Keywords: KRAS mutation, Non–small cell lung cancer, NSCLC, Prognosis
Introduction
Over the past 10 years, the treatment of NSCLC has dramatically changed with the development of targeted therapies. Somatic EGFR, BRAF, and MET mutations, and also ALK, ROS, and RET rearrangements are oncogenic and associated with responses to targeted therapies.1
KRAS mutations are detected in 20% to 30% of NSCLC cases. These mutations are primarily located at codon 12 or 13.2 KRAS mutations lead to tumor development and growth by activating downstream signaling pathways, including the MAPK pathway involving MEK and ERK.3 KRAS mutations are associated with tobacco status and whites.3,4 In NSCLC, KRAS mutations are oncogenic but may not be addictive. In vitro tests revealed the existence of two kinds of KRAS-mutated cells, one dependent on KRAS mutations and the other independent of KRAS mutations.5
KRAS mutations were suggested to bear an adverse prognostic value. In a large meta-analysis, including 3620 patients from 28 studies, KRAS mutations were revealed to be a weak negative prognostic factor in NSCLC (hazard ratio 1.35, confidence interval [CI] 1.16–1.56).6 However, a prognostic impact of KRAS mutations was neither noted in the pooled analyses of four adjuvant NSCLC trials (Lung Adjuvant Cisplatin Evaluation),7 nor in the pooled analyses of four EGFR tyrosine kinase inhibitors (TKIs) versus placebo trials.8
Regarding metastatic stages, we previously reported in the Biomarkers France study (a prospective cohort involving 17,664 consecutive patients with NSCLC) the detection of 4634 KRAS-mutated NSCLC cases (26.2%) in 4894 patients (26.2%).9 Overall survival (OS) in patients with KRAS-mutated NSCLC was shorter than that of the entire patient cohort (11.1 mo [95% CI: 10.6–13.1] versus 13.8 mo [95% CI: 13.3–14.4], respectively).9 During first-line treatment, progression-free survival (PFS) was also shorter in patients with KRAS-mutated NSCLC than that of the entire patient cohort (7.3 mo [95% CI: 6.5–8.0] versus 8.3 mo [95% CI: 8.0–8.7], respectively).9 In addition, KRAS-mutated NSCLC is likely resistant to EGFR TKI therapy. In two meta-analyses, KRAS mutations were associated with lower response rates to EGFR TKIs.10,11
Efforts at molecular dismemberment suggest that different KRAS mutations may not all be equivalent. KRAS mutations are classified as either transition or transversion mutations. Transition mutations refer to the substitution of a purine for a purine (A to G) or a pyrimidine for a pyrimidine (C to G), whereas transversion mutations correspond to the substitution of a purine for a pyrimidine. Moreover, nonsmokers exhibit a higher frequency of transitional mutations (G13D, G12D, G12S),12,13 whereas KRAS transversion mutations (G12A, G12C, G12V, G13C) are more common among current or former smokers.12
Recently, a new oral therapy was designed to selectively and irreversibly target the KRAS G12C protein.14 Preliminary phase I clinical data concerning a small number of patients were presented to the American Society of Clinical Oncology and World Conference on Lung Cancer 2019 meetings, which revealed encouraging results for the management of patients with KRAS G12C mutation.15,16
This study primarily sought to identify differences in the outcome and response to chemotherapies according to specific KRAS mutation subtypes in patients with metastatic NSCLC from the largest prospective Biomarkers study conducted in France.
Materials and Methods
Data Source
Molecular test results for EGFR, HER2, KRAS, BRAF, and PIK3CA mutations, and also ALK rearrangements and histologic types were provided directly to the Intergroupe Francophone de Cancérologie Thoracique by the certified molecular genetics platforms.
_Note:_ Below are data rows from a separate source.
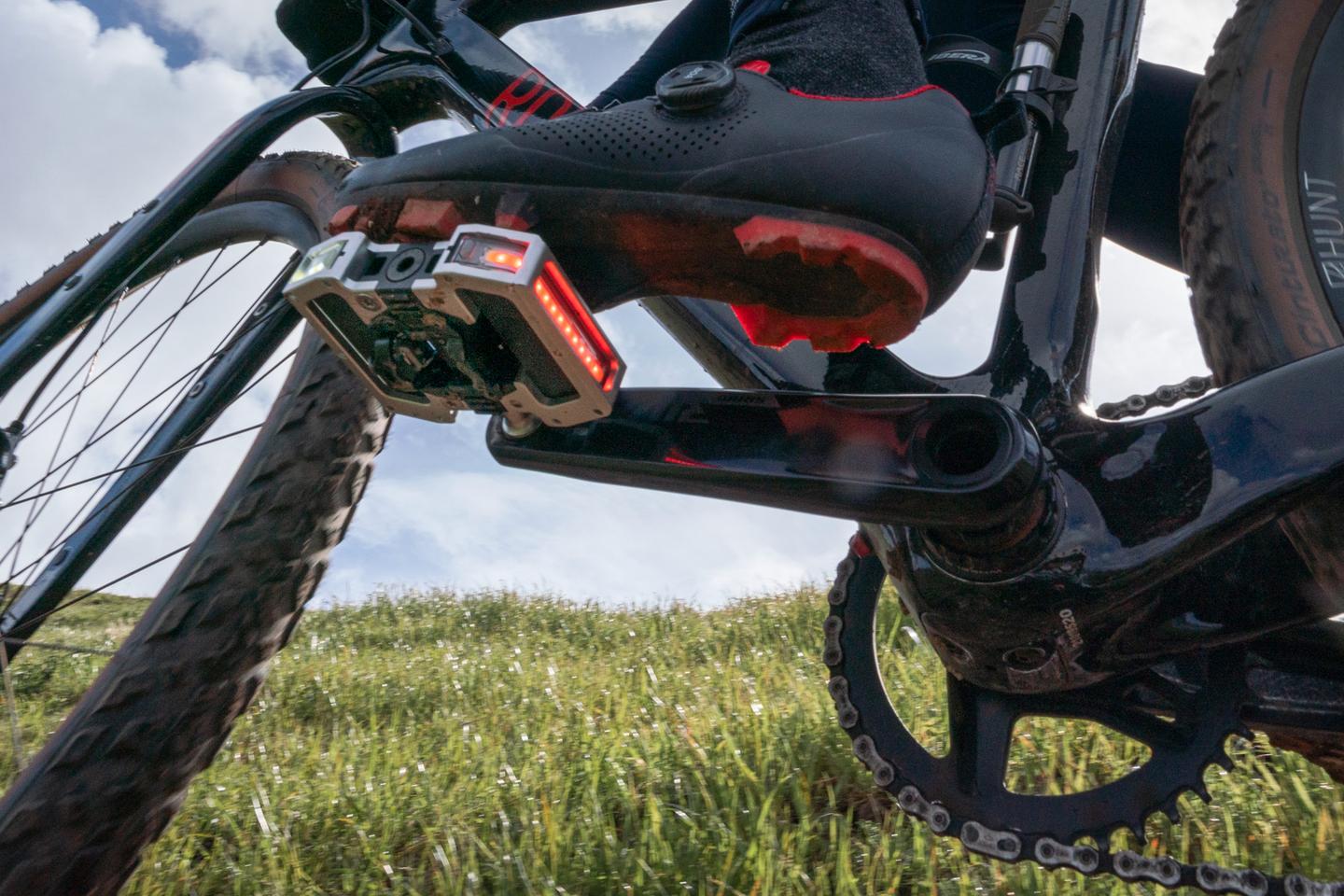 Mountain bikers can use the pedals with or without their removable platform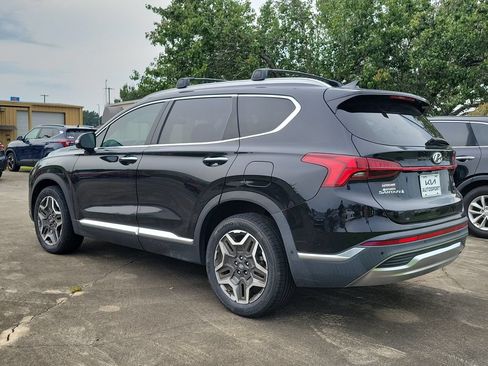 Used 2023 Hyundai Santa Fe Limited FWD image 3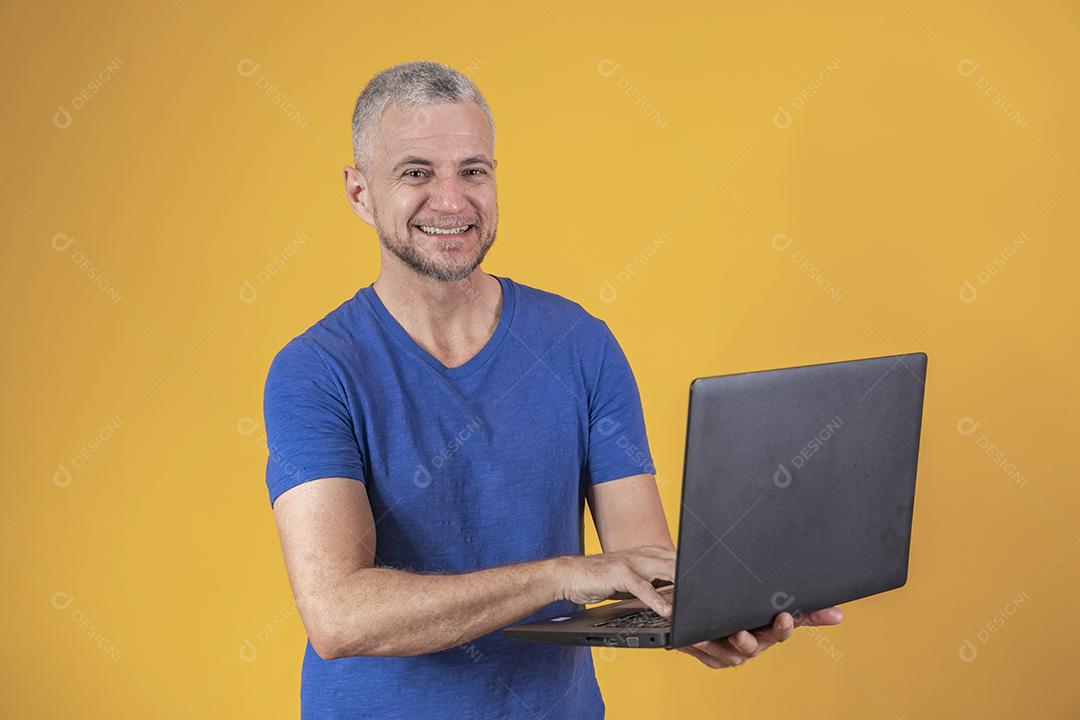 Homem de meia idade bonito segurando um laptop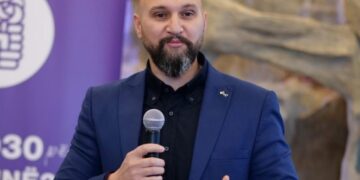 Rrobaqepsja e Florenc Spahos: 1.6 miliard lekë uniformat e ILLYRIAN GUARD, ish-deputeti i mbyll gojën KPP-së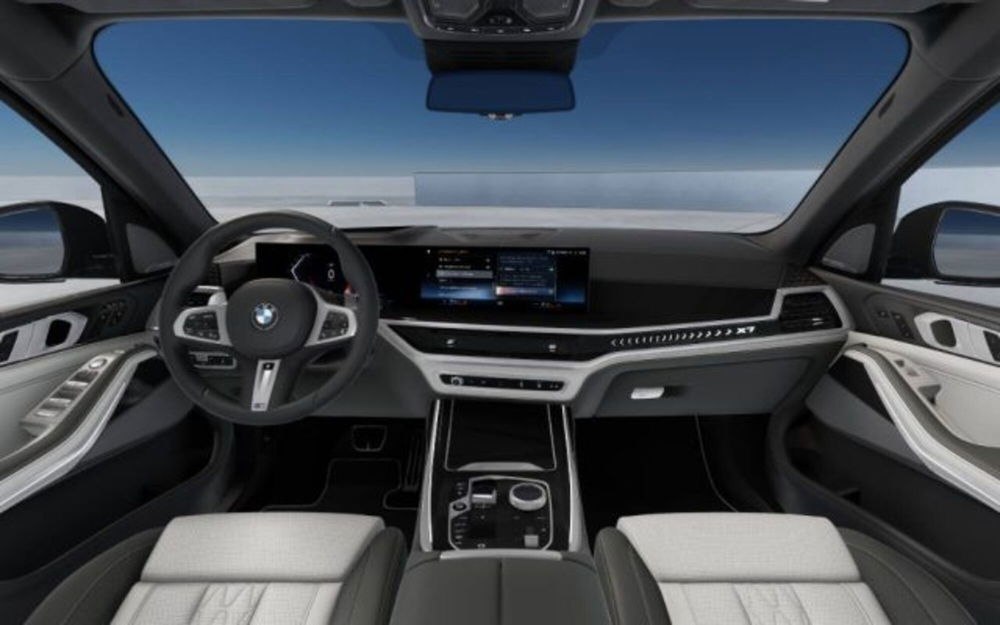 BMW X7 nuova a Modena (11)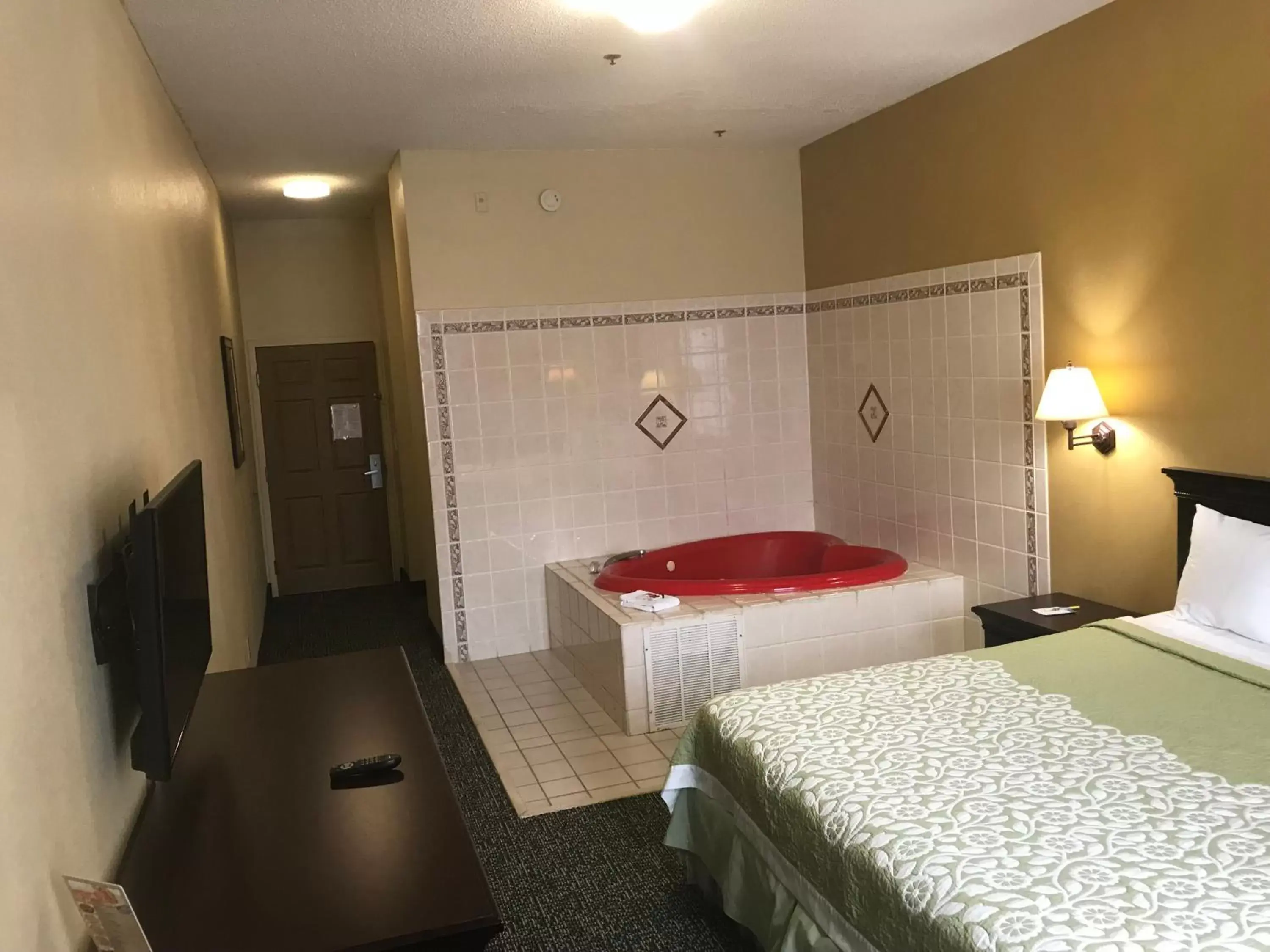 Photo of the whole room, Bathroom in Days Inn & Suites by Wyndham Tucker/Northlake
At the same time, each patient’s treating physician was given secure access to the patient’s chart to complete the required data: sex, ethnicity, smoking history, family cancer history, Eastern Cooperative Oncology Group performance status, stage, type of treatment, the impact of molecular findings on the treatment decision, and outcomes.
All patients with KRAS mutation with NSCLC of the Biomarkers France cohort were reviewed. In the Biomarker France cohort, all consecutive patients with NSCLC who were routinely screened for molecular alterations from April 2012 to April 2013 at one of the 28 certified molecular genetics centers were eligible for this study.
Only patients with advanced NSCLC were considered (relapse, noncurative stage III and stage IV). Clinical data were collected, as previously described.9 Patients were treated according to the medical standard of 2012 to 2013. The effects of first- and second-line treatments (i.e., chemotherapy or EGFR TKI) on the objective response, disease control, PFS, and OS were analyzed. An evaluation of response and survival was completed by each clinician according to the Response Evaluation Criteria in Solid Tumors 1.1. The OS was defined as the time from diagnosis to the date of death or last follow-up (FU) censored on October 1, 2016. At the last FU, 299 patients (33.2%) were censored (FU [mo], 95% CI: 15.9 [14.9–17.4]).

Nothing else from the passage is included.